Fortunately, with selected technology there is no need to choose between saving money and accelerating digital transformation initiatives. By investing some of their existing tools budget in advanced tech, they can increase the efficiency and ROI for many of their existing network and security tools.
For instance, for seven years running my company has been the IHS leader in providing visibility across all the data on a network and in the data centre, virtual environments and the cloud. What readers may not know is that two of our apps can also reduce network traffic and security tools by up to 90 percent. That means an increase in the efficiency of the tools already in place, realising a significant return on investment.
So let us take a closer look at some of the reasons why organisations don’t need a new budget.
Reason #1: de-duplication
According to research by the Public University of Navarre, duplicate network packets represent more than 50 percent of network traffic, in some cases even as much as 85 or 90 percent of traffic.

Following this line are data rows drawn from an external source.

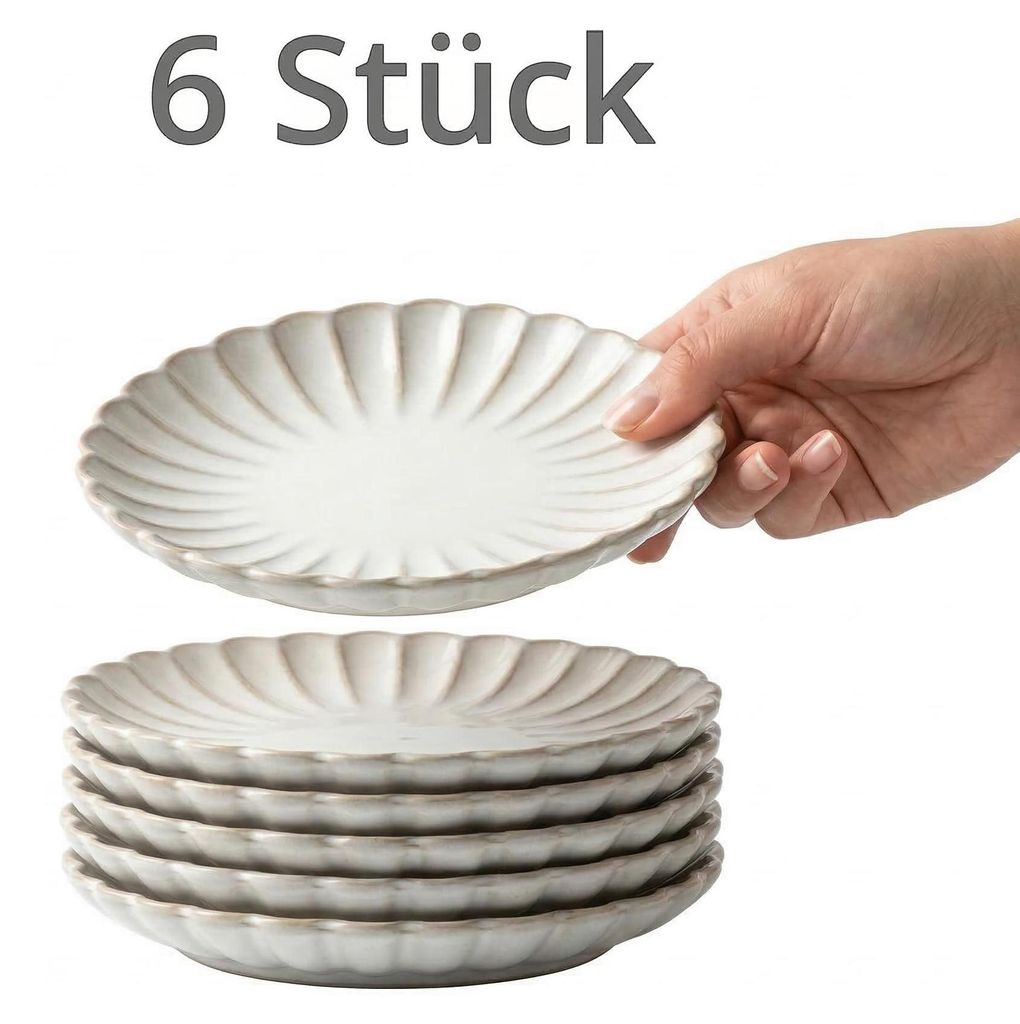 Set aus 6 Porzellantellern „Muschel“, 15 cm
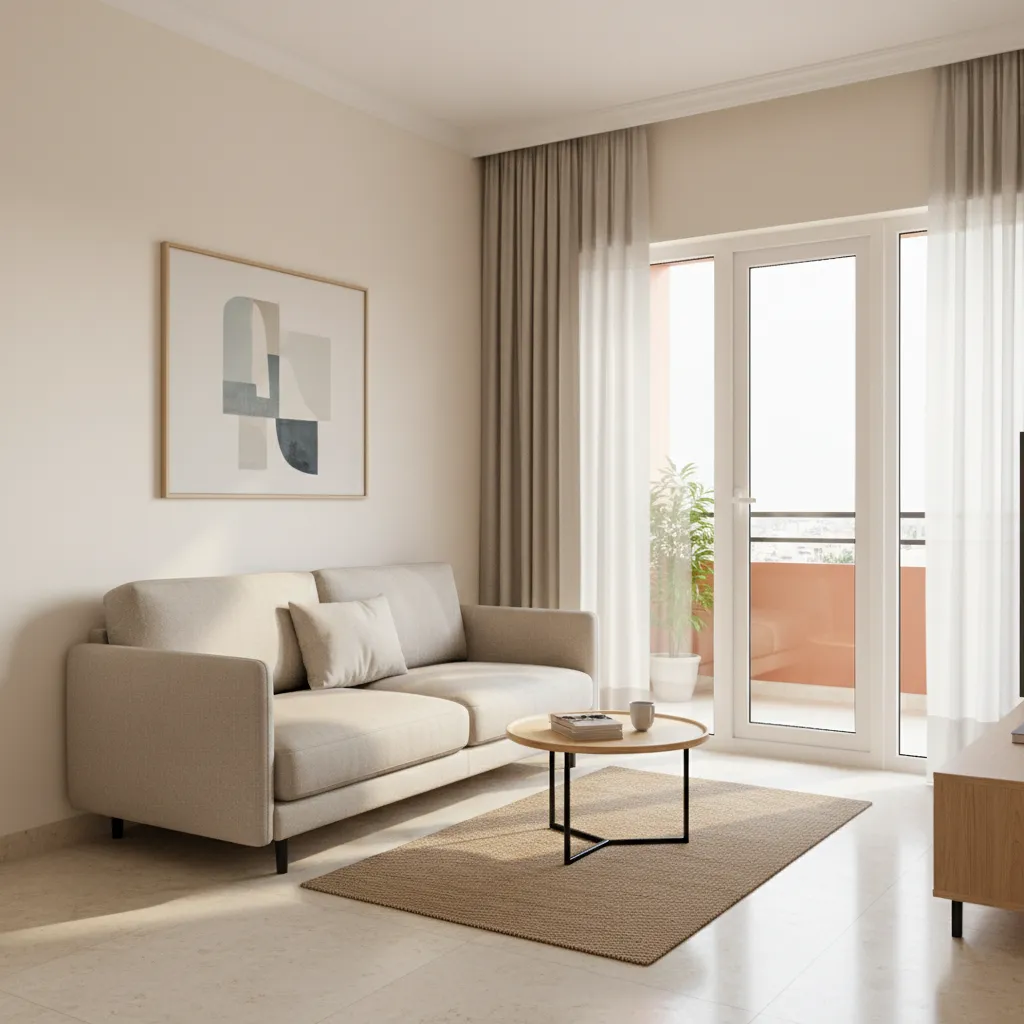 Bright living room in a 2 BHK flat in Jaipur with compact furniture and balcony light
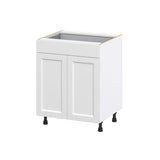 Hugo&Borg Riviera 27-in W x 34.5-in H x 24-in D Bright White 1-Drawer Base Fully Assembled Cabinet (Recessed Panel Shaker Style)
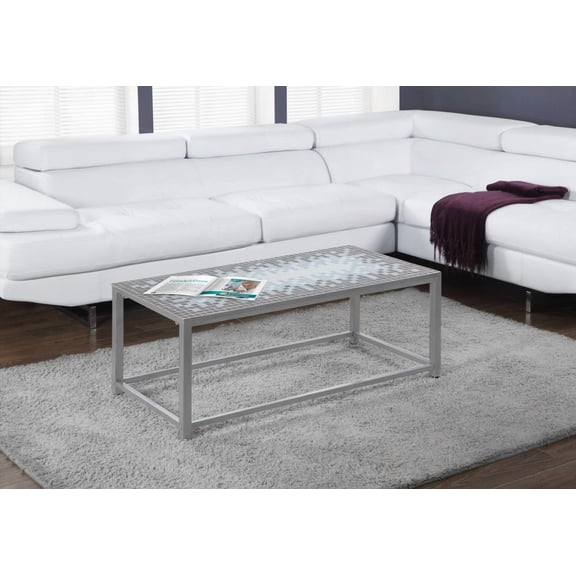 Living Room Coffee Table in Blue Tile and Grey Metal, 42" L, Rectangular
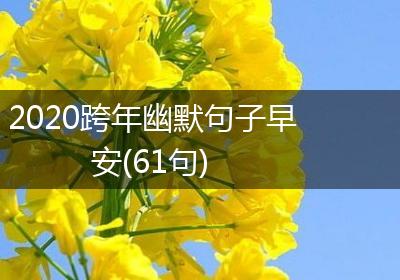 2020跨年幽默句子早安(61句)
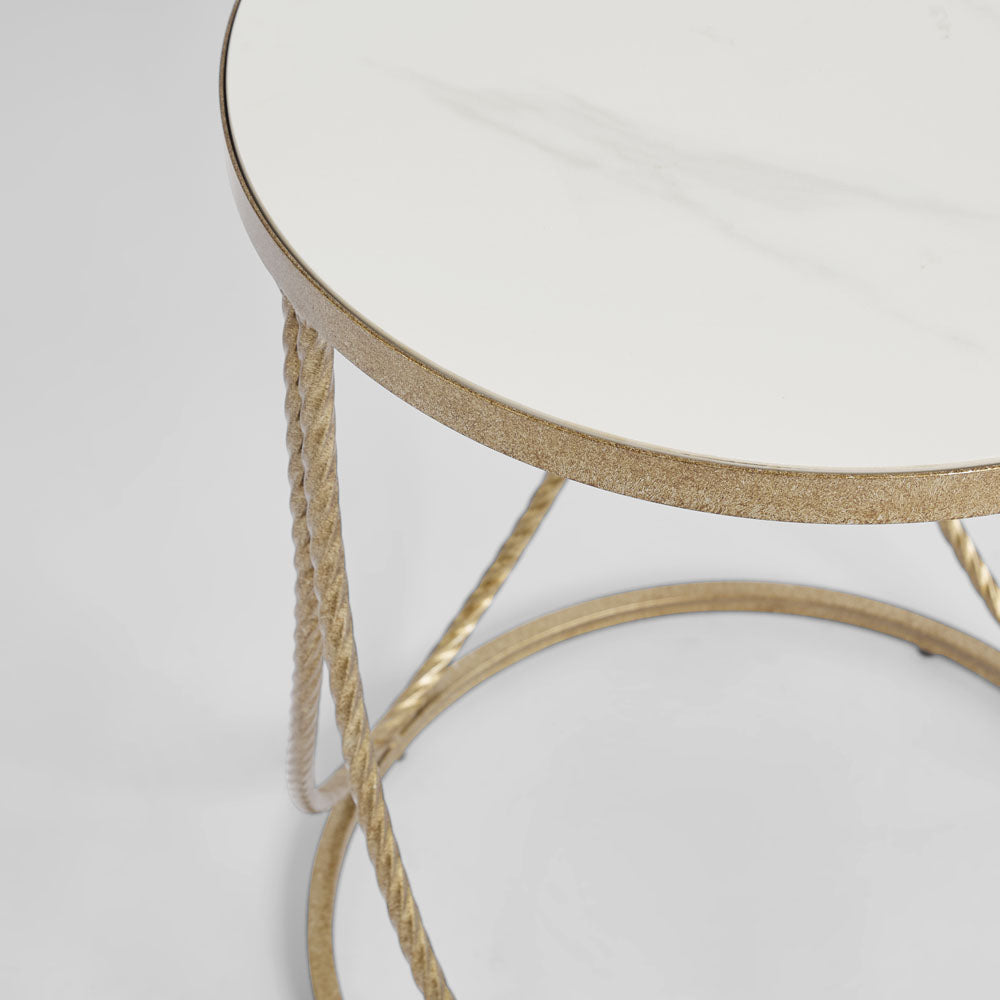 Palais Round Side Table Gold & Ceramic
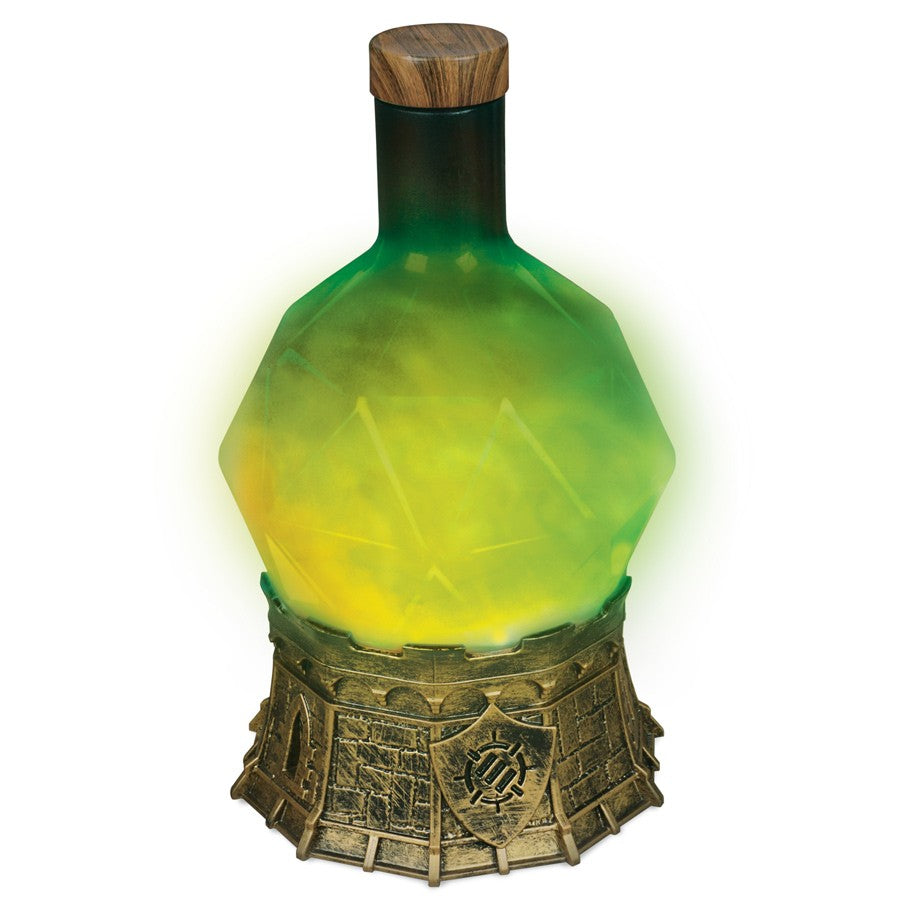 Enhance: Tabletop Potion Light: Green - Green frosted glass potion bottle with wooden stopper on detailed bronze spider web base.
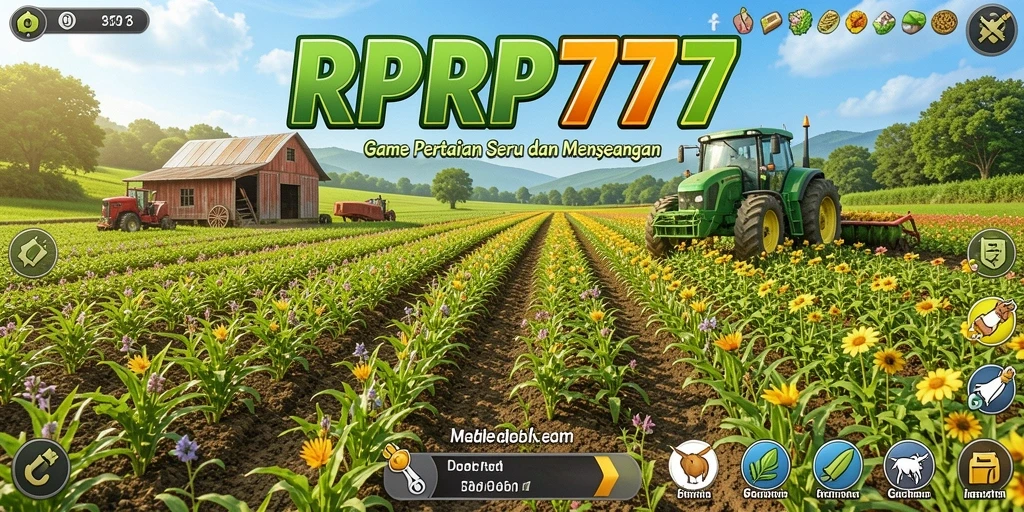 Tampilan gameplay seru RPRP777 dengan aktivitas bertani.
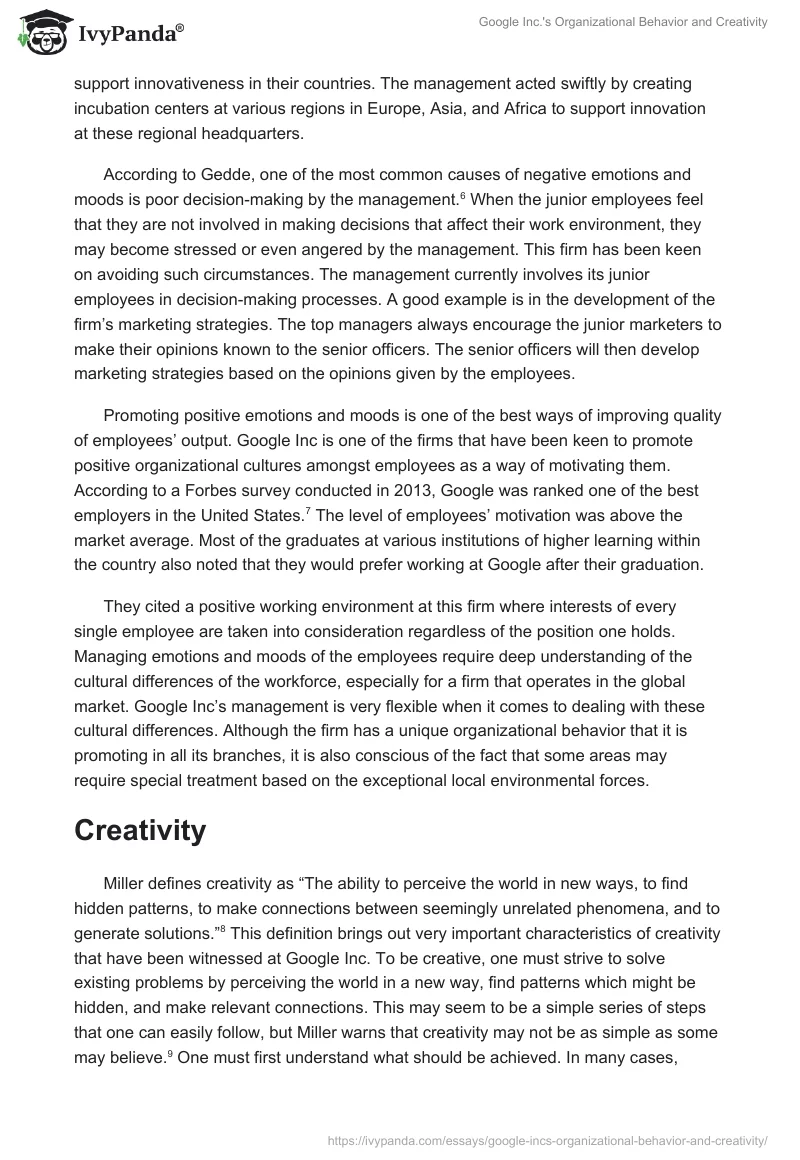 Google Inc.'s Organizational Behavior and Creativity. Page 3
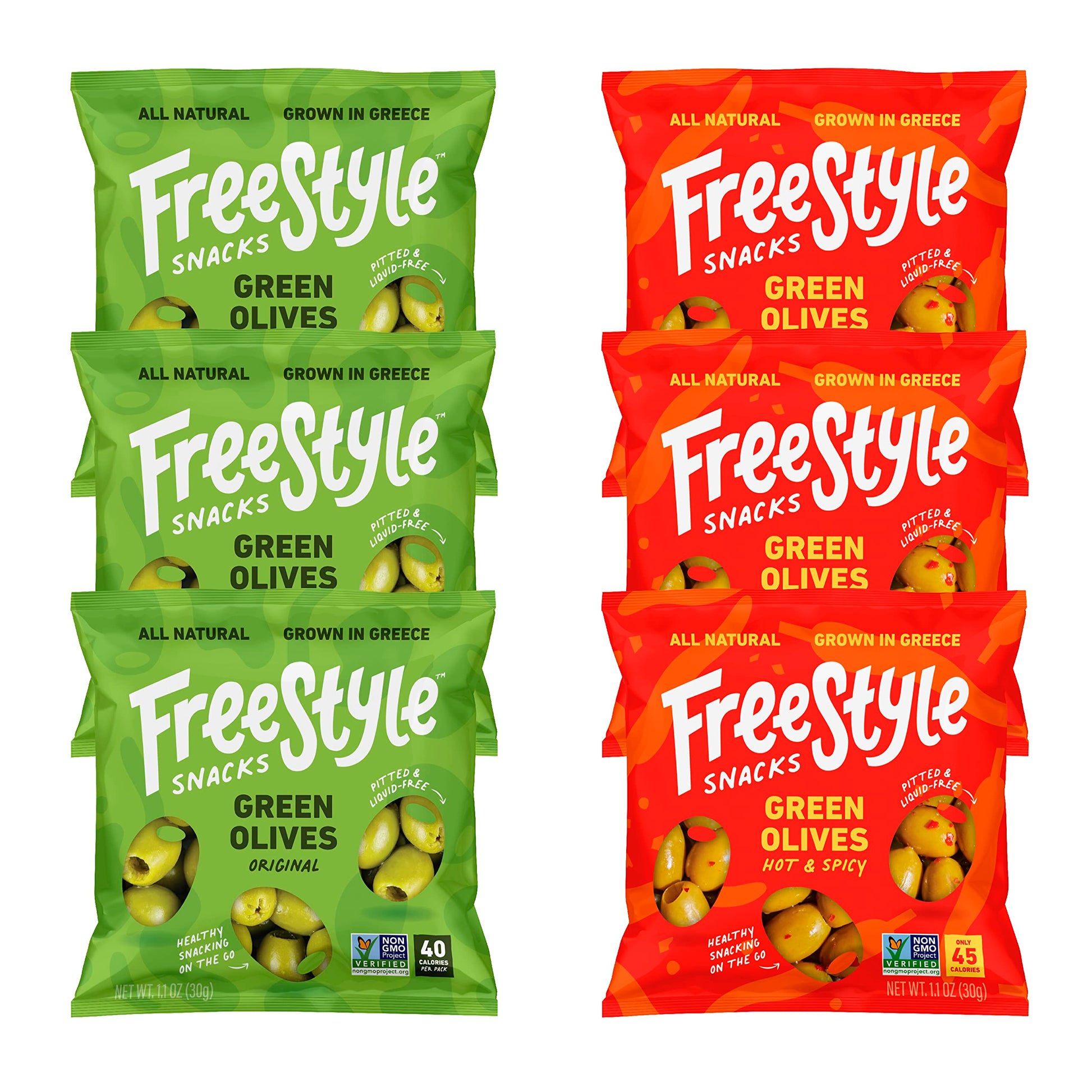 Freestyle Snacks Olive Snack Packs - Jumbo Pitted Green Olives, All Natural, 1.1oz (6 Pack)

There’s no need for network tools to sift through and process all these duplicated packets. Although some network tools can perform de-duplication, these operations place a heavy burden on their resources.
It’s much more efficient to tackle de-duplication from a centralised point on the network and then share the clean traffic with all the tools that need to consume it. Look for tech that offers a centralised de-duplication solution that reduces duplicate packets by 50 percent in most cases.
Reason #2: application filtering
As more organisations move to work-from-home environments with heavy video streaming, application filtering has become more important than ever. An application filtering intelligence tool delivers the power to direct specific application flows only to the tools that need them.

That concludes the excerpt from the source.